NeRF is a good example of a network that doesn't have convolutions yet requires a ton of iterations to train. This paper is particularly relevant to wide networks which are important because CPU memory is currently much cheaper than GPU memory (even for FANG researchers!).
Interesting, I didn't know that NeRF was simply a feedforward network.

I hope that this research group can make more headway into training on CPUs, but I also would like to (naively) see less hyperbolic titles. This paper is not just particularly relevant to wide networks - it's only relevant to wide networks.

I think you mean to say "fully connected" in place of "feed-forward" when trying to draw a distinction with respect to "convolutional".
This is why I come to HN, to find out why it doesn't work in the general case. I can always count on you guys to point out why something is an evolutionary change rather than revolutionary
> doesn't yet

Does that mean it can / will?

The original paper includes convolutional layer support in their future work & next steps. But it's not a foregone conclusion that the same speedup will occur.
True. I know it exists for inference though. Wondering where/when solutions like MKL might work for training.
Right, that's kinda nasty. Titles of papers refer deep learning, but I don't think fully connected networks might be considered a as deep learning.
What? No. Fully connected networks are deep learning, and actually the most important deep learning workload. See: Applied Machine Learning at Facebook: A Datacenter Infrastructure Perspective:

https://research.fb.com/publications/applied-machine-learnin...

Table 1 shows News Feed service uses fully connected networks model, and table 3 shows this workload dominates all other workloads.
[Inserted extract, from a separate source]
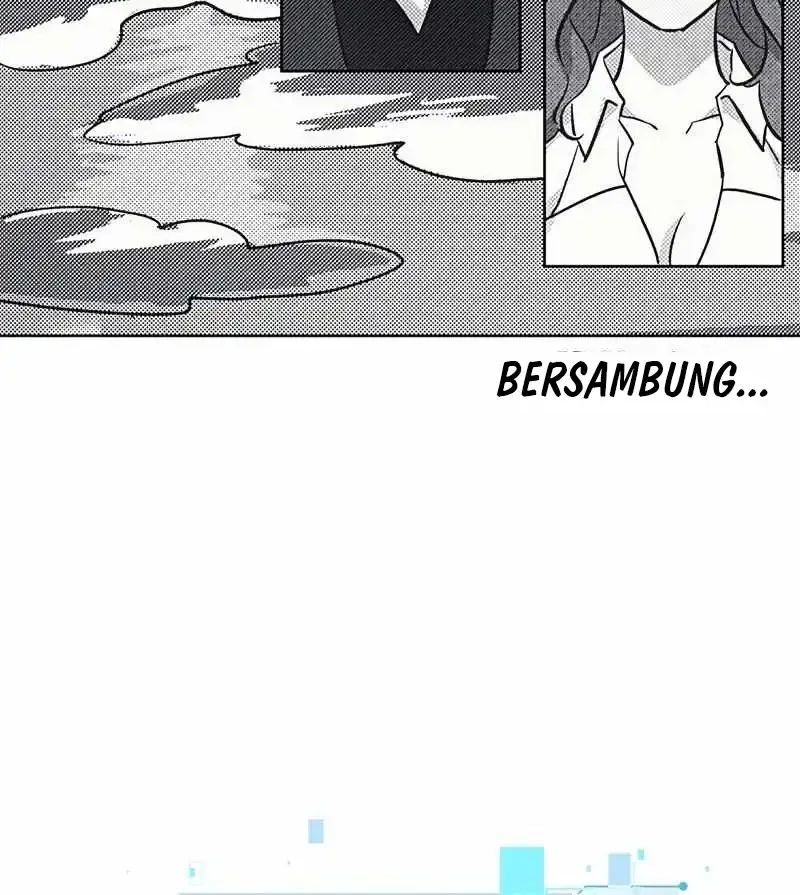 Surviving In An Action Manhwa Chapter 27 Gambar 14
Transformers, which are currently waging a successful campaign to conquer all Deep Learning, are largely stacked feed-forward networks, matrix multiplies and maps. Some ideas to make attention more scalable, such as LSH or large sparse attention matrices seem like they'd be well suited to this approach.

Their approach should also be readily adaptable to RNNs, including LTSMs.

Certainly worth investigating as an alternative for efficiently running and training giant networks on less expensive hardware.